The Montana Falconers Association wants this state to join six others in the West that allow removal of peregrines from the wild, within a federal framework. If the proposal advances, Fish, Wildlife and Parks will prepare an environmental assessment.
The peregrine population has recovered and estimates of active nests now exceed recovery goals, the agency said. "Numbers are growing, distribution is increasing," said Jeff Herbert, a wildlife administrator for the department.

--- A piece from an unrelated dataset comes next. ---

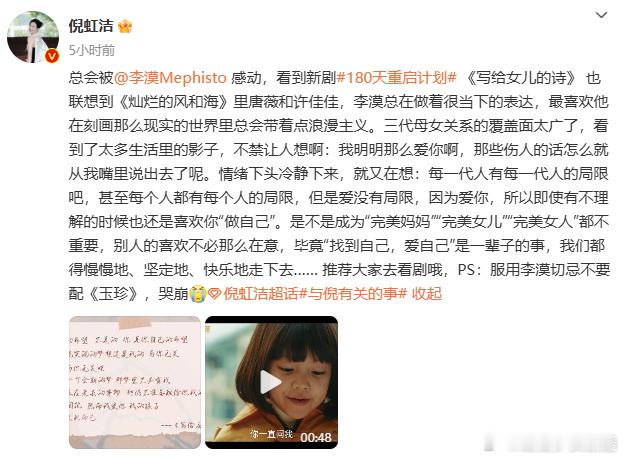 180天豆瓣同期国产剧最高分  真的好看！《180天重启计划》豆瓣7.9，同期最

It is overseen by a five-member board that ultimately would decide whether to allow removal of wild peregrines, decision making that would include a new call for public comment.
The Montana Peregrine Institute finds the bird's recovery margins relatively narrow and the capture proposal premature.
"For an animal that just eight years ago was on the endangered-species list, we'd like to see a little more forethought," said Byron Crow, field projects coordinator for the institute.
"We're taking baby steps," said Tom Mutchler, president of the Montana Falconers Association.
The federal framework limits removal of young peregrines to no more than 5 percent of the number observed. Based on a 2006 Montana survey that documented about 65 active Peregrine nests and 147 fledged young, the maximum that could be removed would be seven birds. If the observed number rose in later years, so could removals.
Fish, Wildlife and Parks said Montana may well have had more than 147 fledged young last year. Peregrines typically nest on cliffs and the count likely missed some remote sites.
The state agency said the 2006 productivity rate was 2.3 young peregrines per nest. In 1994-2001, the rate was 1.7.
Some falconers have practiced their sport with birds from breeding programs, as regulations kept wild peregrines off limits. Falconers have been instrumental in the country's peregrine recovery, chiefly in two ways, said Tom Cade, founder of The Peregrine Fund in Boise, Idaho.
"First of all and most critical was the fact that many of them donated or loaned birds, that they held in captivity, to breeding projects such as the one we operated at Cornell University," Cade said.